An interesting article in the Financial Times this morning, from Michael Skapinker, entitled ‘Our sorry need for others to apologise’. It is about how the overpaid idiots who brought the financial system down around their heads and so will cause millions to suffer – lost jobs, lost pensions, lost futures – still can’t bring themselves to say they’re sorry. The reason, says Skapinker, is cognitive dissonance – which is to say, because saying they were sorry would mean they were not the wonders of nature they imagine themselves to be.
I suspect there is another, more serious problem – which is that they really don’t think they’ve done anything wrong.
Be that as it may, I would like to apply Skapinker’s complaint to another group – the cheerleaders for deregulation. Step forward the Economist, the right-wing press – and the FT. As Skapinker himself puts it:
Then there are those of us – governments, regulators, ratings agencies and journalists – who never blew the whistle… It is worth asking why bankers find it hard to apologise. It is also worth wondering why the rest of us need their apologies so badly.
But that is a bit selective – what about all the others he mentions – the governments, regulators, ratings agencies and journalists? More specifically (and just to prove that I can be as selective as the author), when can we expect an apology from the FT, Mr Skapinker?
The answer is, of course, never. The stock in trade of journals like the Economist and the FT is that they know more than you and me – and, in their case, that they are cleverer than you and me too.

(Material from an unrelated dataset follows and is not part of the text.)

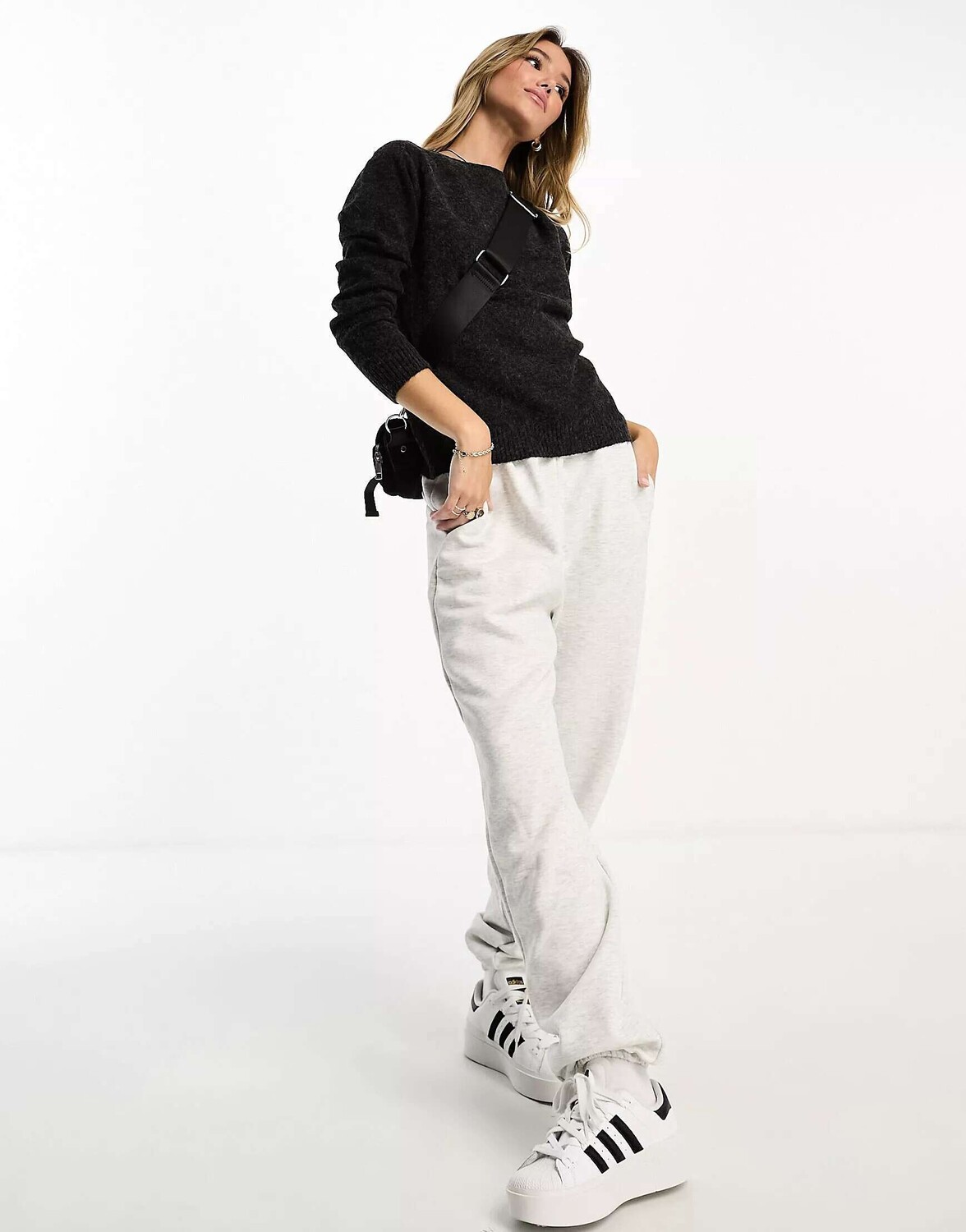 Черный меланжевый вязаный джемпер с круглым вырезом Vero Moda
Черный меланжевый вязаный джемпер с круглым вырезом Vero Moda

Which is hard to stomach, especially at times like this, but it does make it difficult for them to admit that for more than two decades now they have been endangering society as a whole with their willfully ideological advice.
Not that I have any problem with ideology. In fact I have far more problems with people with no ideology. But they really should get theirs straight. If they must go for Adam Smith, they really should get the whole story. Smith refers to the shibboleth of FT-style economics, the ‘hidden hand’, only once in the whole of The Wealth of Nations – exactly as many times as he describes business people as –
an order of men, whose interest is never exactly the same with that of the public, who generally have an interest to deceive and even to oppress the public, and who accordingly have, upon many occasions, both deceived and oppressed it.
Even landlords, who are otherwise roundly criticised by Smith, are seen as being in greater harmony with society as a whole than capitalists, and he presents the condition of wage labourers – which has declined so badly relative to that of capitalists – as a sensitive barometer of the state of society in general.
I look forward to the FT and the Economist checking out their evidently untouched copies of The Wealth of Nations and apologising to the world for their ignorance and sophistry. We will try to forgive them. Maybe.